■ **Activity**: Every line of the data below is to be duplicated exactly, pictures excepted.

Segment Start: Dataset section

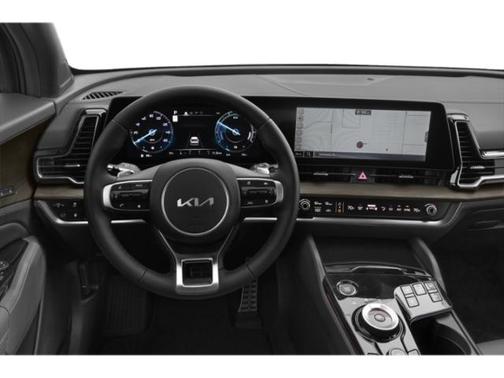 Shadow Matte Gray 2023 Kia Sportage Plug-In Hybrid X-Line Prestige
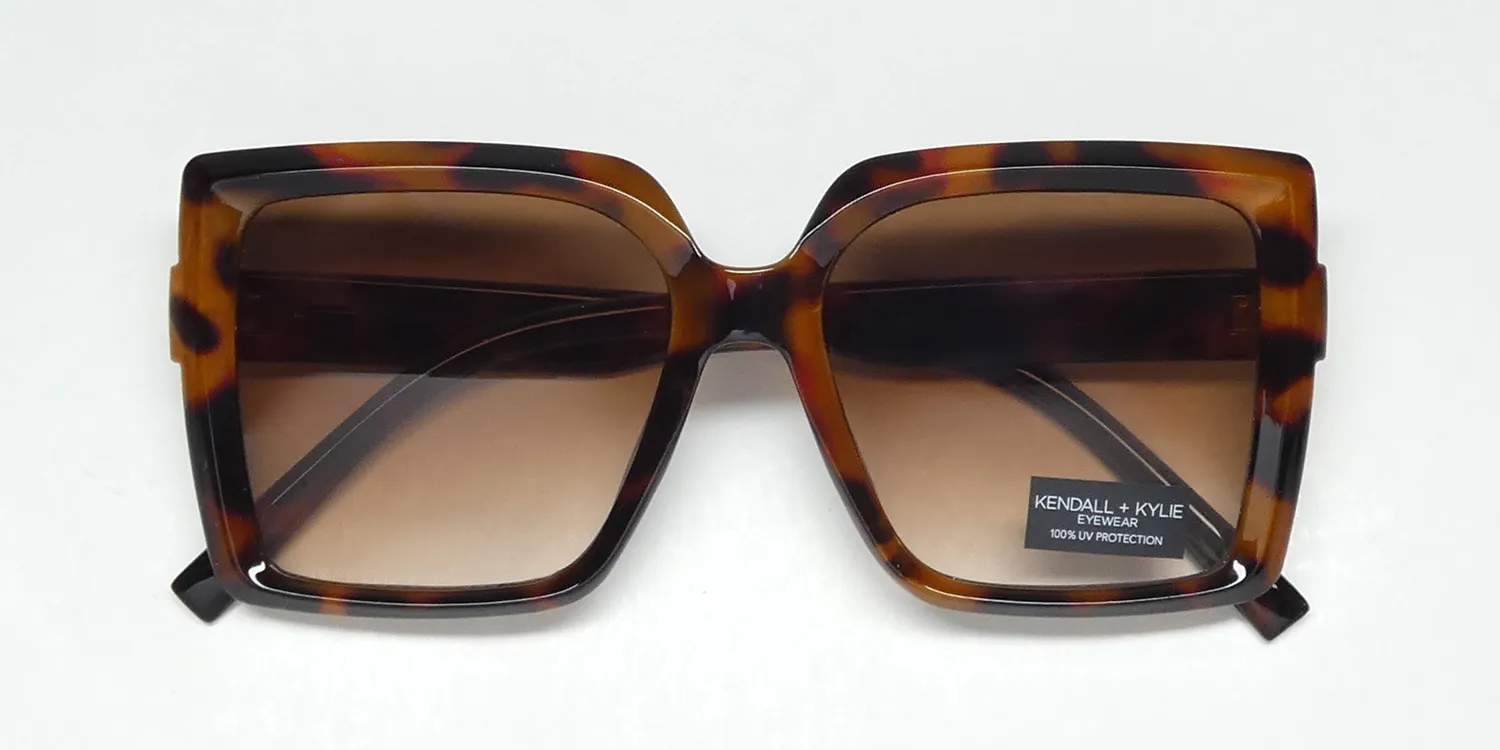 Kendall + Kylie Kk5157 Casey 215 Sunglasses Tortoise 53mm 2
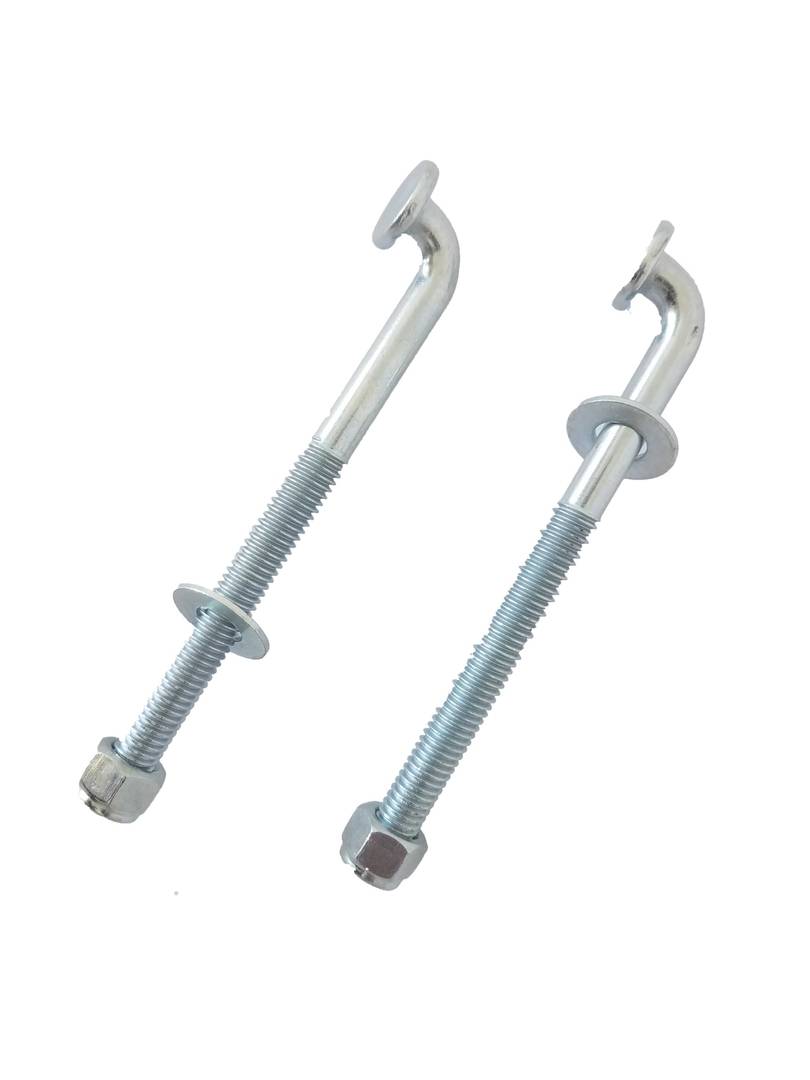 3/8" J-Bolt Kit (Kit includes 2 J-bolts, 2 Washers, 2 Nuts)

Segment End: Dataset section

■ **Completed task**:
 Shadow Matte Gray 2023 Kia Sportage Plug-In Hybrid X-Line Prestige
 Kendall + Kylie Kk5157 Casey 215 Sunglasses Tortoise 53mm 2
 3/8" J-Bolt Kit (Kit includes 2 J-bolts, 2 Washers, 2 Nuts)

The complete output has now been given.